Presidente do Sindicato Médico do Rio Grande do Sul (Simers), Paulo de Argollo Mendes disse ao Diário Gaúcho que a pediatra "tem a nossa admiração". Na avaliação dele, a médica agiu com honestidade.
– A sensação que eu senti (ao saber da posição de Argollo) foi bem parecida com a do momento em que recebi a mensagem da médica. Eu me assustei. Mais do que lamentável, foi uma tentativa baixa de politizar o caso. Estamos tratando de discriminação e intolerância. Hoje foi com meu filho, amanhã pode ser com outro. Quando ocorre intolerância com uma criança é porque estamos chegando à beira do abismo – desabafou Ariane, que foi secretária de Políticas para as Mulheres do governo Tarso Genro.
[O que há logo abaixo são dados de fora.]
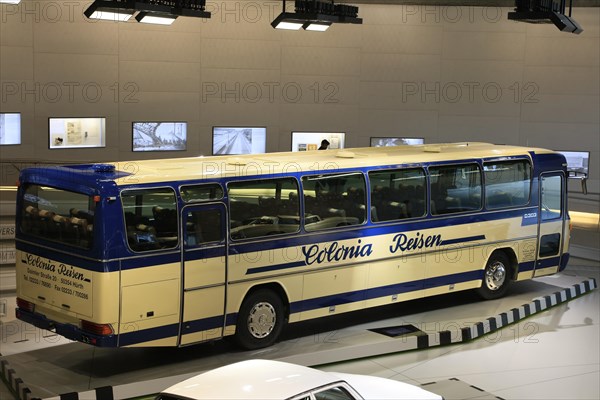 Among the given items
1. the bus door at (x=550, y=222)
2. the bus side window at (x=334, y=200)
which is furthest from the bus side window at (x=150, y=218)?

Para o cientista político Paulo Kramer, parte da sociedade pratica uma espécie de vingança contra o PT, em momento em que o partido atravessa a maior crise da sua história. A intolerância seria resultado desse processo.
– O atual clima de hostilidade mútua na sociedade, que percebemos em vários setores da vida nacional, é fruto da semente plantada pelo PT há mais de 30 anos. Eles sempre se distinguiram por desqualificar moralmente os seus adversários – avaliou.